Task inputs -
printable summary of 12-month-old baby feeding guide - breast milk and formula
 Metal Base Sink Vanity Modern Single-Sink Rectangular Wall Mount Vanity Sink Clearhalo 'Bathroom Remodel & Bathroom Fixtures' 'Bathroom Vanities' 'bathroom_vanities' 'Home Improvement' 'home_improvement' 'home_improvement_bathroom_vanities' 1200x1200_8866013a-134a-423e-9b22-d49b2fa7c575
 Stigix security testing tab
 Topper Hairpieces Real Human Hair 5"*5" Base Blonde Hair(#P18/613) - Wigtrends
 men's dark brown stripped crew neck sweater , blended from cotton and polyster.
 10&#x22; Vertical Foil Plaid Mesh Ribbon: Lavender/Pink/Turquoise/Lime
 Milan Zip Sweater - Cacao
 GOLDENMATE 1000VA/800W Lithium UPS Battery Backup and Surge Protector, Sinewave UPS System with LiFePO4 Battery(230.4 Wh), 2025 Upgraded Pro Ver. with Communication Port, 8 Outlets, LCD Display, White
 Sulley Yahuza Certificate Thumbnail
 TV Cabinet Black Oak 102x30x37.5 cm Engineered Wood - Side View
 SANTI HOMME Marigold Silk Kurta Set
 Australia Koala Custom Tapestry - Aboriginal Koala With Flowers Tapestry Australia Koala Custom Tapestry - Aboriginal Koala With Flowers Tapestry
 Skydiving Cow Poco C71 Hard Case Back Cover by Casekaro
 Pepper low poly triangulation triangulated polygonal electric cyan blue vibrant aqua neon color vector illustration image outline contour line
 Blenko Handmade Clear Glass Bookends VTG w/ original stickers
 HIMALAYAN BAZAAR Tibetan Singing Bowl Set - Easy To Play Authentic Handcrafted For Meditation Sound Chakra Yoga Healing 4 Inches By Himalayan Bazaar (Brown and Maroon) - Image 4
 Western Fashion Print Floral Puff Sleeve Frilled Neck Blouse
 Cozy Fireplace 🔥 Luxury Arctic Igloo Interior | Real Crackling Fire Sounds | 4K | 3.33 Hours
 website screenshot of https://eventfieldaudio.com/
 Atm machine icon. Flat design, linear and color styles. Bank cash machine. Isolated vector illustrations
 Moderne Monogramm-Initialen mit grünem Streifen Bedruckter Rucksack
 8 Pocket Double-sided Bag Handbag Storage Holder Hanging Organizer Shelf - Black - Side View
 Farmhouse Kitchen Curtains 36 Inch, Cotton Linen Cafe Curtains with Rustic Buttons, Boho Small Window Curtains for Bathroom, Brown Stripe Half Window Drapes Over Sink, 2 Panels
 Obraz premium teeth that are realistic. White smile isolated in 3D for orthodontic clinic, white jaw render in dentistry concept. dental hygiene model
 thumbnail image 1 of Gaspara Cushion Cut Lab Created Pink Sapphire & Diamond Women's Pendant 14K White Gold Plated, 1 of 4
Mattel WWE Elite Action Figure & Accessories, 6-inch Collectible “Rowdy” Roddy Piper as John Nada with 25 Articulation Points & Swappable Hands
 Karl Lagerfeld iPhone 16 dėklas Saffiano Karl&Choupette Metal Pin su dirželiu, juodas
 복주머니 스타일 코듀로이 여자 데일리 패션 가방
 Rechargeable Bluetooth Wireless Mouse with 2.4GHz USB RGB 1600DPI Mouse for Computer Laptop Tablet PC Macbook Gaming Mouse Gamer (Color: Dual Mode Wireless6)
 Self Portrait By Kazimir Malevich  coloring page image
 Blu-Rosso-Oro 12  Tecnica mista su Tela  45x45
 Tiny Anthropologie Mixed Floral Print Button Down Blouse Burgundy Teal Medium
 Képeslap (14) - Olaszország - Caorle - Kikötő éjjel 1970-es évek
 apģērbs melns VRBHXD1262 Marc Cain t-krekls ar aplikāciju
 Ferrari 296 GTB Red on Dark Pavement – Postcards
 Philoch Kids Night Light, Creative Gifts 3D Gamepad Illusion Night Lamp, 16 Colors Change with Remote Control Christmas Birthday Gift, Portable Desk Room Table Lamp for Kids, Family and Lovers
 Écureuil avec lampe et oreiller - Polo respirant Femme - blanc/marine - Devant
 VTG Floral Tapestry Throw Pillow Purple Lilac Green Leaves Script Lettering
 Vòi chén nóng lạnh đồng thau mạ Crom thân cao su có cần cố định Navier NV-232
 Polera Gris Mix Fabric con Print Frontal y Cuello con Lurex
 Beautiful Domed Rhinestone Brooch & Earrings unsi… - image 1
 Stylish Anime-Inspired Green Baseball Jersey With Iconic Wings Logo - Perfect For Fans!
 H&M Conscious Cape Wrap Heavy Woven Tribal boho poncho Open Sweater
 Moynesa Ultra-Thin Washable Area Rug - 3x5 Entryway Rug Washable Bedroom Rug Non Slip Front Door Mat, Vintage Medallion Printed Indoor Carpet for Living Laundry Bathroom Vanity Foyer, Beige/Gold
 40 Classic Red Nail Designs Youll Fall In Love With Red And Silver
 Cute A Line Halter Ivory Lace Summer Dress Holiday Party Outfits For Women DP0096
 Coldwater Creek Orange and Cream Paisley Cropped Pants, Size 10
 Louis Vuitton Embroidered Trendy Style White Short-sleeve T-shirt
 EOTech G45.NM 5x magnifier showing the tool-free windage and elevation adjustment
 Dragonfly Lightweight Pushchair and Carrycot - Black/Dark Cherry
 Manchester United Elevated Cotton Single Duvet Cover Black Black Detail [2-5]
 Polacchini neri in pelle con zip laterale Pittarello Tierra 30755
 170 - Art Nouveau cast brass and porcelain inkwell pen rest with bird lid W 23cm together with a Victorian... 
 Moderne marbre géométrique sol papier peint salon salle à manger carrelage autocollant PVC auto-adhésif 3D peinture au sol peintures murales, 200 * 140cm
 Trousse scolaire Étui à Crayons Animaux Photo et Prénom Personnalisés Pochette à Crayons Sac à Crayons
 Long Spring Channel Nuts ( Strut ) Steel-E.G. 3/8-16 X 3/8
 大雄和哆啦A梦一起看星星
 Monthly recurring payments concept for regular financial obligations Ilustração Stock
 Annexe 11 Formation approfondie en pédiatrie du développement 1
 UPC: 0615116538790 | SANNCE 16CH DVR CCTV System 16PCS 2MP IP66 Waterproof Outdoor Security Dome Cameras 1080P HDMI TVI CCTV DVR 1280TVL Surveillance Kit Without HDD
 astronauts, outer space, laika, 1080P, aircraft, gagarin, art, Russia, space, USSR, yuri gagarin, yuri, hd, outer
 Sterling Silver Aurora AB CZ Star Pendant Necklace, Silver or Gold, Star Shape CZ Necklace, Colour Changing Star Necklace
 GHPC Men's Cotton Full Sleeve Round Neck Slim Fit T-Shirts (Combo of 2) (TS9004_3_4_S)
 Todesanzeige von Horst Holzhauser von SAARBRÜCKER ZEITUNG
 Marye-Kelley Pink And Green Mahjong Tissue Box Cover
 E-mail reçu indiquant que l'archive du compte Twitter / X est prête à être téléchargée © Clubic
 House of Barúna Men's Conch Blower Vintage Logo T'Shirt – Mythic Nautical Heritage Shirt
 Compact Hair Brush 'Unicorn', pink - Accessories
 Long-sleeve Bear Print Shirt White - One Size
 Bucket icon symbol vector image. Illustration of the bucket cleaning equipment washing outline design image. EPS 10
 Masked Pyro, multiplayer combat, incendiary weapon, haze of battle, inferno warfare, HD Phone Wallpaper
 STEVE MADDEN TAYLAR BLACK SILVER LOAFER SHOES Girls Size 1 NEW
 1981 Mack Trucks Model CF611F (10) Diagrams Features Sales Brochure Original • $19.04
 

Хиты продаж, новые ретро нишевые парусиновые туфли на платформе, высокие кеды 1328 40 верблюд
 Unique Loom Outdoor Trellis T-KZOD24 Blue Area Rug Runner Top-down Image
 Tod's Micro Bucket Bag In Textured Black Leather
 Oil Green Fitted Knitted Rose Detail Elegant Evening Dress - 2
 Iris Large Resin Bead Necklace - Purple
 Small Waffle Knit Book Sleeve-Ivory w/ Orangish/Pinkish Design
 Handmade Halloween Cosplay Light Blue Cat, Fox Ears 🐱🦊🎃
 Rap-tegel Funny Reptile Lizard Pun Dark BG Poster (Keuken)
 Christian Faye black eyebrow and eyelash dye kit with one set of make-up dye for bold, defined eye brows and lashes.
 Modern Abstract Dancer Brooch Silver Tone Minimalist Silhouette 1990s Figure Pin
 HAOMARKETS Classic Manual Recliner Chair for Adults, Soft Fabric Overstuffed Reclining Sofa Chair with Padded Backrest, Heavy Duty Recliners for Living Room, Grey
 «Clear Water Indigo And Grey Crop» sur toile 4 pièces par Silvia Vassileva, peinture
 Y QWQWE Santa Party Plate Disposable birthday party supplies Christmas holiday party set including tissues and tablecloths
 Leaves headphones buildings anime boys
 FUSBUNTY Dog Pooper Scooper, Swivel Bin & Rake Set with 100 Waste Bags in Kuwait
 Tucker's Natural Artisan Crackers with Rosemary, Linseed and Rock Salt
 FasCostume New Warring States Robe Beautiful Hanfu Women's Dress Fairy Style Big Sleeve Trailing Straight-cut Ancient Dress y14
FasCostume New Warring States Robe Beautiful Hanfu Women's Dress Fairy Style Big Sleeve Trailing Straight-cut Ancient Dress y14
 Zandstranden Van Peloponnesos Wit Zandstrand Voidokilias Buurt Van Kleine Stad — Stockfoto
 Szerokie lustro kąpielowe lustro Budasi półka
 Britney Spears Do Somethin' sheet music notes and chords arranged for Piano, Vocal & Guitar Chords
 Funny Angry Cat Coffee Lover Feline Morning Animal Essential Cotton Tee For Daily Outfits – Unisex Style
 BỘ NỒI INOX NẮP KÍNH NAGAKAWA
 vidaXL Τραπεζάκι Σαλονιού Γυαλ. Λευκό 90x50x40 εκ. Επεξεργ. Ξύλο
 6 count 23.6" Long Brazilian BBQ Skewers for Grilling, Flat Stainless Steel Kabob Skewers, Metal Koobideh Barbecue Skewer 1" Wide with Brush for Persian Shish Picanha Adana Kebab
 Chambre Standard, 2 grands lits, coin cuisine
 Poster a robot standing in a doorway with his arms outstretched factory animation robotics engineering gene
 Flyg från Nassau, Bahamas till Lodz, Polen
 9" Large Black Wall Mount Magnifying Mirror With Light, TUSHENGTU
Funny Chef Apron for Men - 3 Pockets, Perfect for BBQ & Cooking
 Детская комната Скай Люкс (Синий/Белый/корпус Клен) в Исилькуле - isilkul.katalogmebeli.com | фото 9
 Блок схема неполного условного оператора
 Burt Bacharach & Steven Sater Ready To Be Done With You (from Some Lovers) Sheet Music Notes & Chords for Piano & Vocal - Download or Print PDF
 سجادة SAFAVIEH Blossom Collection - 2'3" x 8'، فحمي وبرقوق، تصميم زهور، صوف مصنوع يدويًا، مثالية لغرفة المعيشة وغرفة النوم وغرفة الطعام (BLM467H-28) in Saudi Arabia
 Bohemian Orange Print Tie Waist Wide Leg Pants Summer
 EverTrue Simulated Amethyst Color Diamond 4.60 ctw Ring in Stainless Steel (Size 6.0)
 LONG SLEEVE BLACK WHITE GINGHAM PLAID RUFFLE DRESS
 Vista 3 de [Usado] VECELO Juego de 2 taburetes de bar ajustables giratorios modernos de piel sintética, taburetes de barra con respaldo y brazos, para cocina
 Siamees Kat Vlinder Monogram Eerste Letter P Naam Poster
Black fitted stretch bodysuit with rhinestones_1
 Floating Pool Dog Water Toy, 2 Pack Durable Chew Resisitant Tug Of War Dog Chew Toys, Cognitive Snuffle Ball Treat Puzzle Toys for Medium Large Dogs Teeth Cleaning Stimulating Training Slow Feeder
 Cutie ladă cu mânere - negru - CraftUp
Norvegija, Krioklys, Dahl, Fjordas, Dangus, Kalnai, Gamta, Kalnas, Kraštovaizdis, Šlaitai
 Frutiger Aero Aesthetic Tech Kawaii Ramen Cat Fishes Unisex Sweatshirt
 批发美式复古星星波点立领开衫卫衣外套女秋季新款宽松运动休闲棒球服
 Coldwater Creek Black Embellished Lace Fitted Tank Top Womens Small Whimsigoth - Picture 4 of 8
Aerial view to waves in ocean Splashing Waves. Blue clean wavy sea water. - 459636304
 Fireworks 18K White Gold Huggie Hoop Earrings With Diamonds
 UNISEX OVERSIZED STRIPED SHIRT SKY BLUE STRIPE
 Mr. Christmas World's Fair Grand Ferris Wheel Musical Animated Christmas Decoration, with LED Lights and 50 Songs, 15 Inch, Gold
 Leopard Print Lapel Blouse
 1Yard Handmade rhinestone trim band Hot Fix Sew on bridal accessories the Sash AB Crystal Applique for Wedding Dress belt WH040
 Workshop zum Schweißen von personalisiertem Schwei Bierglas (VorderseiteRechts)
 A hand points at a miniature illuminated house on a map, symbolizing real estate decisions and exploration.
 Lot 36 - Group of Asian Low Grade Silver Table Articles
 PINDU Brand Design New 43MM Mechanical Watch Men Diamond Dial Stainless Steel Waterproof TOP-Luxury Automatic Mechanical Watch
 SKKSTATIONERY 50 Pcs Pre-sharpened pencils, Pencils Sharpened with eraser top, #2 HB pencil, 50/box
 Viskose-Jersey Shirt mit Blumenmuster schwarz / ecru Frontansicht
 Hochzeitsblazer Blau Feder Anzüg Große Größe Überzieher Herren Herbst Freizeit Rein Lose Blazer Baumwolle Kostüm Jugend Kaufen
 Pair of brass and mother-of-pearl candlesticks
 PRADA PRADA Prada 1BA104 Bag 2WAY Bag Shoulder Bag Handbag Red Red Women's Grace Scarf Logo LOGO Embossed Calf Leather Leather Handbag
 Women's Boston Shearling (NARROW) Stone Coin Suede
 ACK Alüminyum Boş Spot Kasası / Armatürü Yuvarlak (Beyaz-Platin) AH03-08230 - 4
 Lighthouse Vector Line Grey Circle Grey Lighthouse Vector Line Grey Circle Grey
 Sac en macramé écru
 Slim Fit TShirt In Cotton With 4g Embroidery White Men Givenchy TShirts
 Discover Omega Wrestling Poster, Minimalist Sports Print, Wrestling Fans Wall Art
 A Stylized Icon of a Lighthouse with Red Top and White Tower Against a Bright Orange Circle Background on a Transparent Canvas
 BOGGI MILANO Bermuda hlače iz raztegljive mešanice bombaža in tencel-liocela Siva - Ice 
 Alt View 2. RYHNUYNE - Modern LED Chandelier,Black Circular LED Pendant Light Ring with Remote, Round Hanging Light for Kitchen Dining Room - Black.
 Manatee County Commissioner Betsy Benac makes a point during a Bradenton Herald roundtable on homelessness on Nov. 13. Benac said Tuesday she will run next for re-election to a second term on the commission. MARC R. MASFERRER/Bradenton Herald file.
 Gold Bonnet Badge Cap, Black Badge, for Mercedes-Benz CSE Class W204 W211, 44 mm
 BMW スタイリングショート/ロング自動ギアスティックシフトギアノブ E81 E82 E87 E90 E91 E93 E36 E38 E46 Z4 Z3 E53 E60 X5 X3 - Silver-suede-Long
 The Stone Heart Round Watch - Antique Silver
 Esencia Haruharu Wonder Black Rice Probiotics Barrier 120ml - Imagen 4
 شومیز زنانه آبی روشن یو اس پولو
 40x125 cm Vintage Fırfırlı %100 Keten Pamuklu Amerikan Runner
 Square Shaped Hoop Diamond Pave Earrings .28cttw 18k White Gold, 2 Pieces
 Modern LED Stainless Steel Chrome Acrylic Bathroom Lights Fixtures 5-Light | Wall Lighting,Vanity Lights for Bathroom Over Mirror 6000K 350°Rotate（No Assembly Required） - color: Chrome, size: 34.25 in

About this exercise -
Where the word "Ivory" shows up in a line of the entries above, copy that line.

Output for this task -
 Cute A Line Halter Ivory Lace Summer Dress Holiday Party Outfits For Women DP0096
 Small Waffle Knit Book Sleeve-Ivory w/ Orangish/Pinkish Design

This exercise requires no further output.